4) Randomized: Another attribute of a good study is that it needs to be randomized, and the randomization must be pre-determined. If the investigator chooses which subgroup receives a particular treatment based on any method but a pre-determined randomized protocol, bias can be introduced, and the study results are less valid.
5) Blinded: Another anti-bias measure used is “blinding”. The ideal blinded study is one in which neither the patient nor the investigator knows who is getting the investigational treatment vs. who is getting the control; this is the so called “double blind” study. If one of the parties is aware of the fact that they are getting a particular treatment, the results can be distorted.
6) Well planned: A good research study should be planned and carried out in such a way that the correct population is studied, that the study goes for the appropriate amount of time, and that the study is carried out in such a way that study groups are as similar as possible except for the different therapies that define the study groups.
7) Good methods: The method section of an article is where the investigator clearly delineates how the study was performed. If the method section does not, for example, give information as to whether the study was randomized, blinded, and/or controlled, one must assume that it wasn’t, and the study results carry much less validity.
8) Accurate data and proper statistics: Investigators must show that outcomes are properly measured. They must state whether study results are statistically significant or not. While statistical significance may be considered the “holy grail” by researchers, the lack thereof does not necessarily imply a failed study. It is often of great benefit to know that there is no difference between two study groups (i.e. to accept the null hypothesis). Many myths are dispelled in this way (e.g. high dose vitamin C’s efficacy in treating the common cold). Another detail that investigators must include is the analysis of the study data. On occasion investigators will statistically analyze a subgroup of a study and not the entire study population. It is okay to do this if it is planned prospectively (before the study begins). If an investigator, however, retrospectively analyzes a particular subgroup in an effort to find statistical significance, this is called “data snooping” and typically reflects a bias on the part of the investigator and thus makes the study results less reliable.
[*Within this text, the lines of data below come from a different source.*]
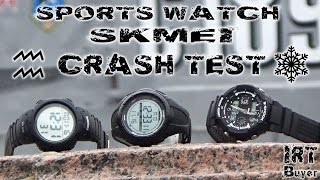 Sports watch SKMEI CRASH TEST #1 / Спортивные часы SKMEI КРАШ ТЕСТ #1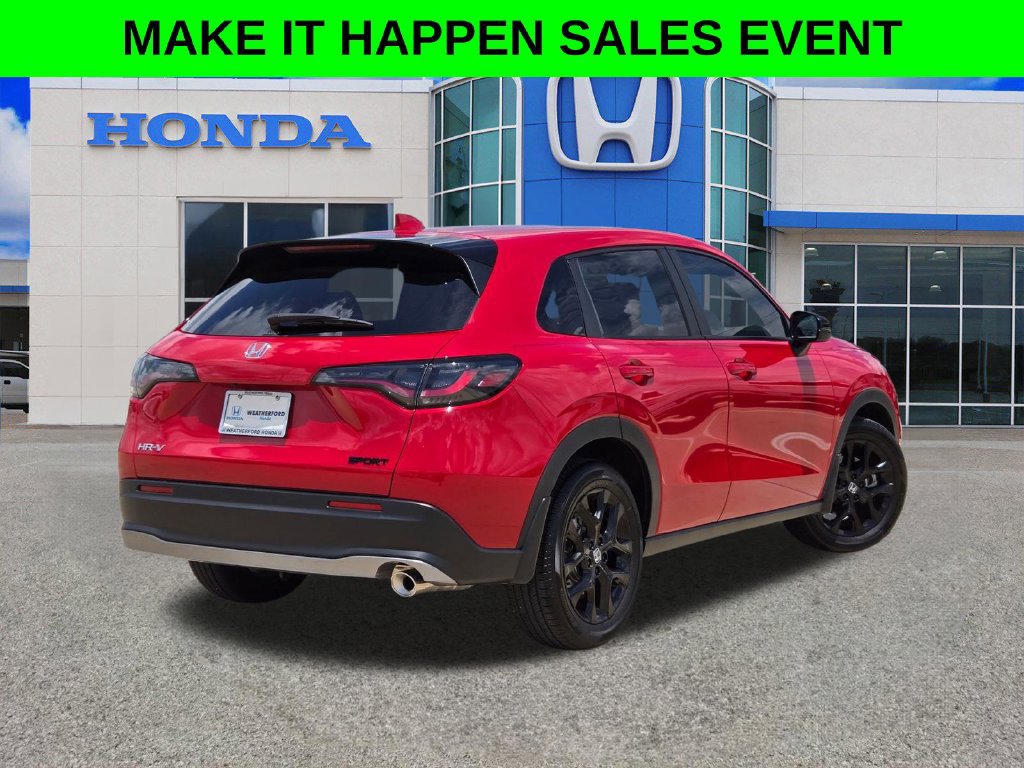 Used 2025 Honda HR-V Sport image 3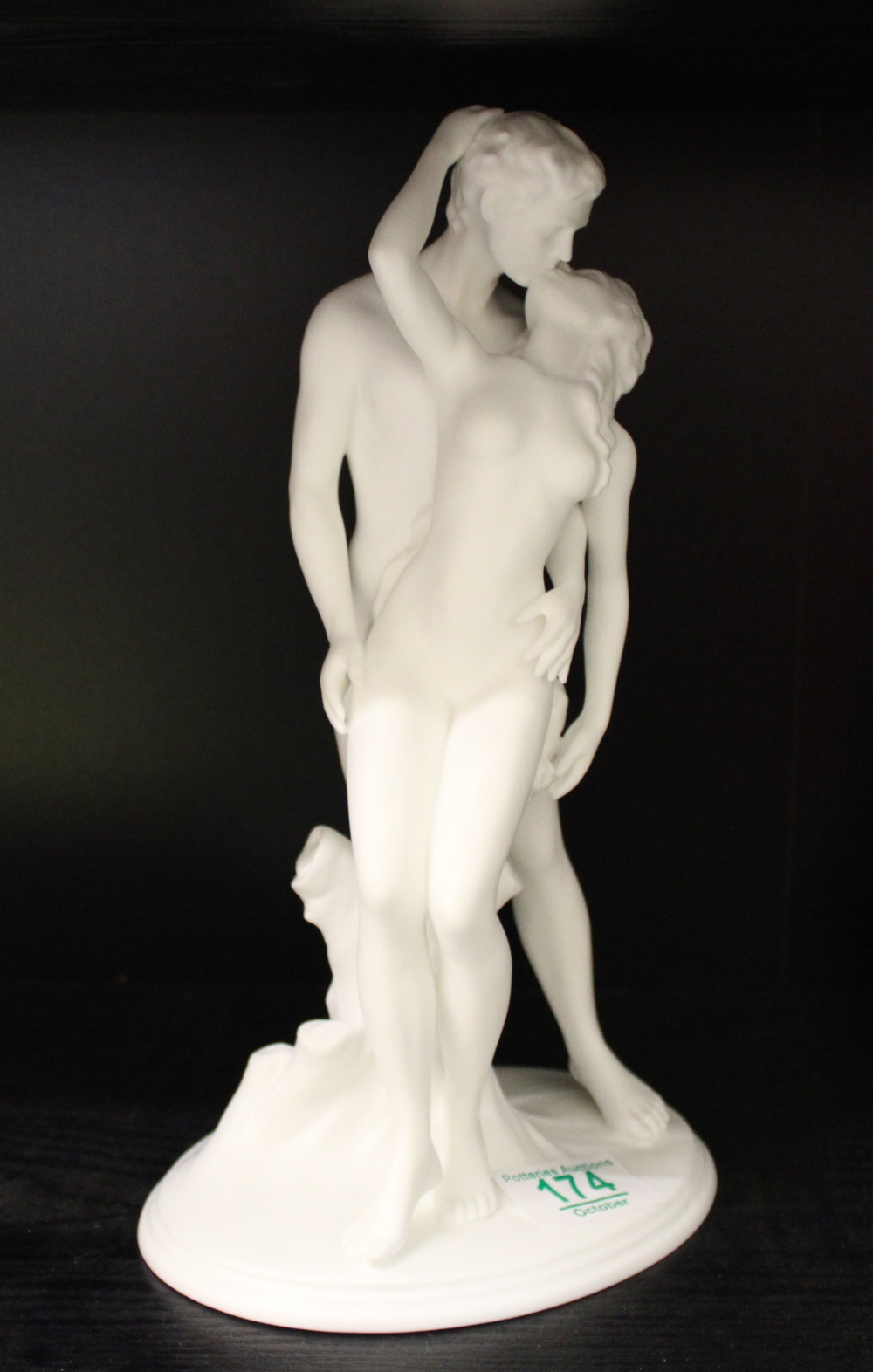 Wedgwood Limited Edition Figure The Embrace: boxed with cert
Key Statistical Terms in Medical Literature:
Scientific Method = The analysis of data that is collected through the appropriate sampling of a population, thus yielding the highest likelihood that the conclusions drawn are valid.
Investigational Study or Clinical Trial = The research of a particular drug, test, or procedure versus placebo or a known conventional therapy/test in an effort to determine the relative value of the two modalities.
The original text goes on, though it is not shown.